Yogananda teaches that the degree of consciousness at death exists on a spectrum. Not everyone will achieve the complete mastery of a great yogi, but anyone who meditates regularly will die with more awareness and less fear than someone who has never practiced. Even a modest daily meditation practice creates familiarity with the inner landscape and loosens the soul’s grip on the body. You do not need to be a master. You need to be a practitioner.
What happens if someone dies suddenly, without time to prepare?
This is precisely why Yogananda stresses daily practice. If you have been meditating for years, the habit of turning inward is established in your subconscious. Even in a sudden death, that habit activates. The soul of a meditator instinctively moves toward the light, toward the higher centers, because it has done so thousands of times in practice. The person who has never meditated has no such instinct to fall back on and may be swept away by confusion and fear.
How does this relate to the Christian idea of heaven?
Yogananda sees no contradiction. He interprets the Christian heaven as the higher astral and causal realms that the soul enters when it leaves the body through the higher chakras. The “kingdom of heaven within” that Jesus spoke of is, in Yogananda’s understanding, the inner experience of these higher states, accessible through meditation during life. The two traditions are describing the same reality in different language.
Should thinking about death make us depressed or anxious?
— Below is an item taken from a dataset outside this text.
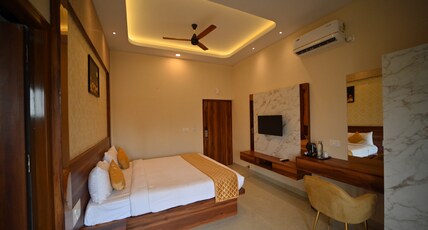 Colors Stay Chikmagalur Room Type - Luxury Room AC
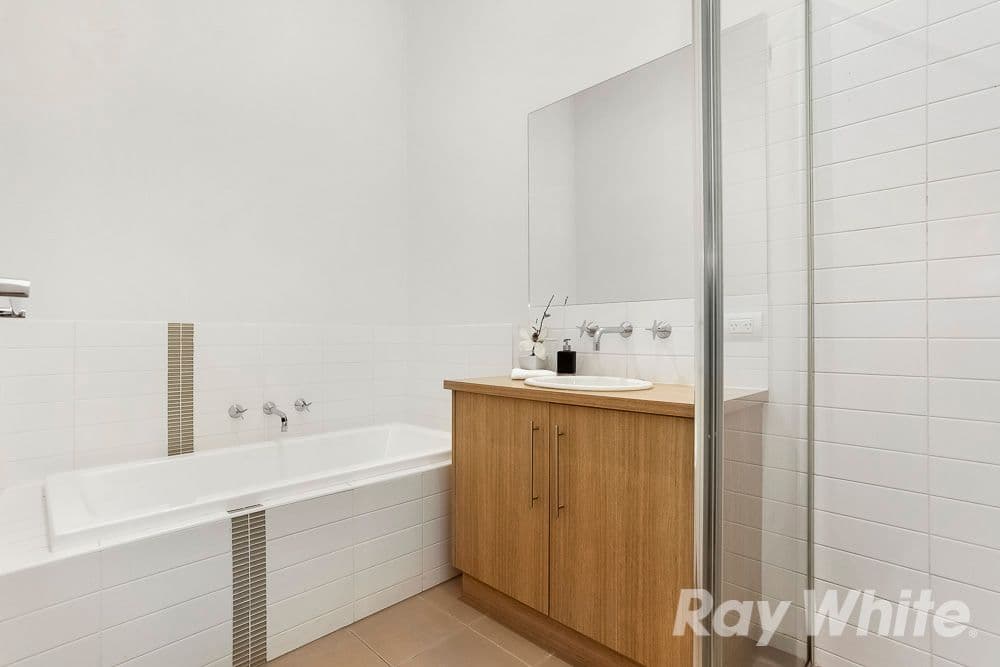 23 Montgomery Avenue, Mount Waverley VIC 3149, Mount Waverley - Thumbnail 7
Yogananda says the opposite. Honest contemplation of death is one of the most vitalizing things you can do. It strips away pettiness and urgency about things that do not matter. It clarifies what is truly important. People who come to terms with their mortality often report feeling more alive, more grateful, and more present than ever before. Denying death creates anxiety. Facing it creates freedom.
Practice
Sit with your spine straight and your eyes closed. Take a slow, deep breath and as you exhale, imagine the energy in your body gently gathering at the base of your spine. With each subsequent breath, visualize this energy rising slowly, from the base of the spine, to the navel, to the heart, to the throat, to the point between the eyebrows. Do not force it. Simply use gentle attention and breath to guide the energy upward. When your attention rests at the point between the eyebrows, hold it there for as long as is comfortable. Feel the quiet peace that comes when energy is gathered and focused rather than scattered. This is a simplified version of the practice Yogananda describes. Done daily (even for five minutes) it trains your awareness to move in the direction that matters most, upward and inward, toward the source.